Even so, the findings validate the city’s strategy that led to the Midtown comeback and will be replicated in neighborhoods such as Livernois in Northwest Detroit, said James Arthur Jemison, director of housing and revitalization for the city.

“In any marketplace, financing goes to places where there’s an ability to repay,” Jemison said. “When people come to the market for the first time and don’t understand the pent-up demand and credit worthiness, they gravitate to one place. It’s our job as a city to show them other areas.”

Uneven investments
The Urban Institute is studying Detroit as part of finance giant JPMorgan Chase’s $100 million, five-year investment in the city following the nationwide real-estate crash.

The report also found:

The city’s central business district received a majority of overall investment from 2013 to 2015: 53 percent of traditional commercial, industrial and multifamily loans and 62 percent of mission lending.

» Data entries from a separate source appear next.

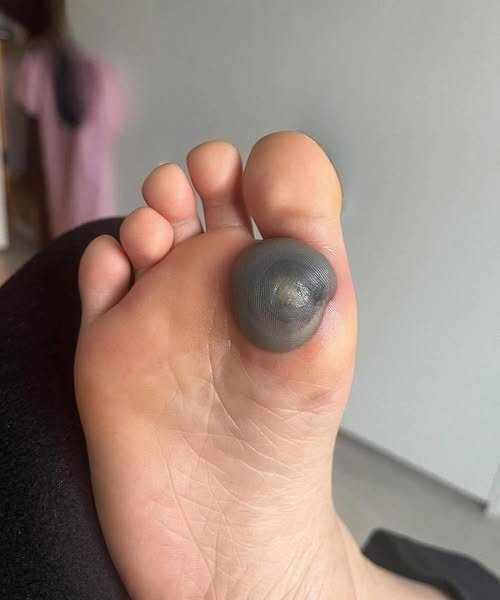 My female child awakened with this massive blemish on her lower extremity and I lack knowledge of what it could represent. She has been experiencing distress and lacks the capacity to adjust her foot, what constitutes this? Clarify this matter.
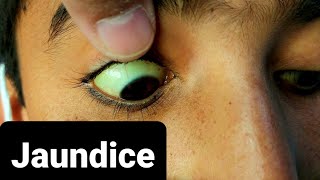 How Jaundice Looks Like [upl. by Anissej]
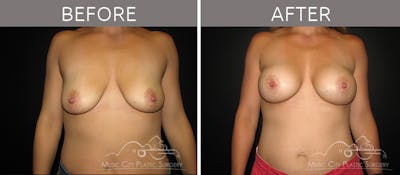 Breast Augmentation Before & After Gallery - Patient 90709165 - Image 1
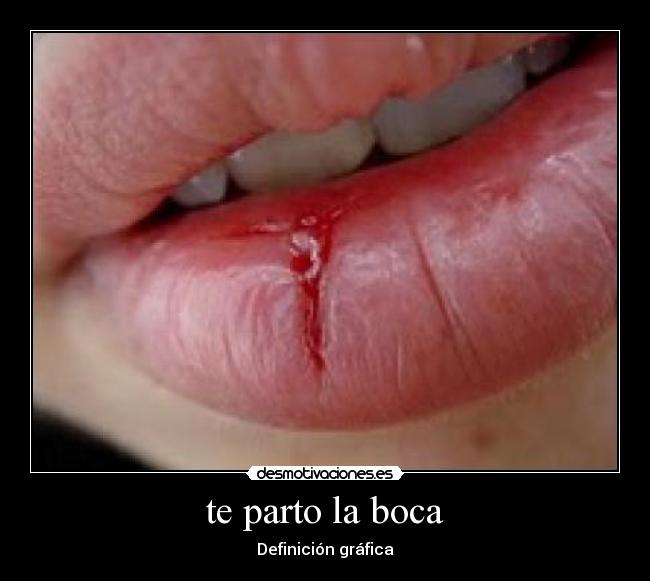 te parto la boca - Definición gráfica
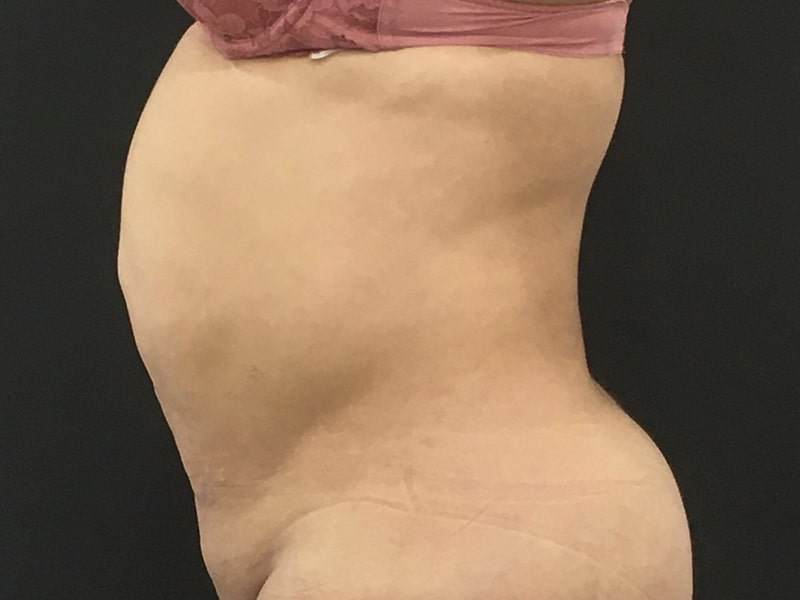New Jersey Tummy Tuck Lateral Before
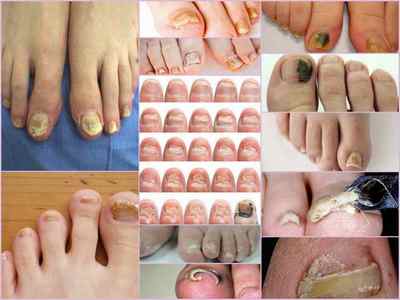 Як виглядає грибок нігтів на ногах - фото і опис симптомів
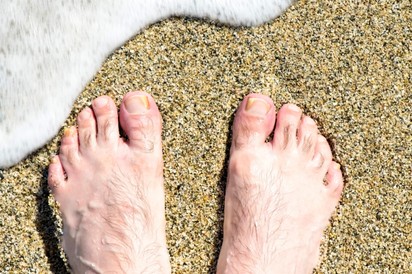 Gombás fertőzés a strandon: ebből jöhet rá, ha lábgombája van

Discrepancies in traditional lending intensified since the Great Recession. From 2004 to 2006, Midtown and downtown received 21 percent of private commercial loans in Detroit; the amount doubled to 42 percent from 2013 to 2015.

During that period, local, state and federal subsidies contributed $518 million to redevelopment of commercial, industrial and multifamily projects in Detroit.

A new report from the Urban Institute shows that most tax subsidies and mission investment flowed heavily into Detroit’s downtown and Midtown neighborhoods from 2013 to 2015. (Courtesy photo)

The report underestimates the total amount of subsidies.

It’s limited to federal low-income housing tax credits, federal and state historic tax credits, programs from the Michigan Economic Development Corp. and city tax increment financing. It doesn’t include a handful of federal subsidies, including Community Development Block Grants, and its city data was limited.

Work remains before revival spreads

The Urban Institute report is the latest in recent weeks to fuel a “two cities” narrative that Duggan told the Detroit Free Press in August is a “fiction” created by the media.

Last month, the nonprofit Detroit Future City released its “139 Square Miles” report that found that blacks, who comprise 80 percent of the city’s residents, hold only 33 percent of the city’s jobs. The report also found that job growth in Detroit is fueled by an uptick in jobs paying $40,000 or more per year, which are “concentrated along Woodward Avenue in Downtown and Midtown, as well as the city’s core industrial areas.”